The numbers fully support this too as I mentioned there are far more skilled
workers with Visas and green cards vs family members/relatives in Canada than
the US:

> Contrary to conventional thinking, it could be argued the U.S. system is
> more “compassionate” than Canada’s. Almost seven in 10 of those who settle
> lawfully in the U.S. are close relatives of previous immigrants. Each U.S.
> immigrant on average sponsors 3.5 family members.

> Canada, meanwhile, restricts “family reunification” immigrants to about one
> in five. Canada mostly picks immigrants to boost economic expansion. Two of
> three immigrants are brought in because of their skills and education.
> Trump’s plan, created by son-in-law Jared Kushner, copies Canada’s
> reasoning.

US = 70% family/relatives, Canada = 70% skilled workers

[https://vancouversun.com/opinion/columnists/douglas-todd-
wha...](https://vancouversun.com/opinion/columnists/douglas-todd-whats-
different-and-similar-in-canada-and-u-s-immigration-policy)
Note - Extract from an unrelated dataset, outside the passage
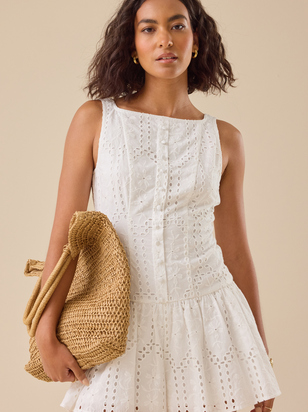 Aveline Eyelet Romper - ARULA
Our immigrant communities are famously successful too. In large immigrant
communities like Brampton outside of Toronto, Hindus often rank #1 in income
per capita, beating out Christians, Jews, atheists, etc. The Chinese
communities in Richmond Hill, Markham, and Mississauga are also very
successful. You can't drive through those neighbourhoods without seeing
Mercedes and Teslas parked everywhere.

------
diebeforei485
Most of the lawbreaking and shady activity related to H-1B visas seems to
happen when there is this sort of third-party arrangement, where these
companies bring workers in, and then contract them out to other workplaces
(often through a chain of contracts via other intermediaries).

From that sense, it's good to scrutinize these so that genuine applications
have a better shot at the lottery.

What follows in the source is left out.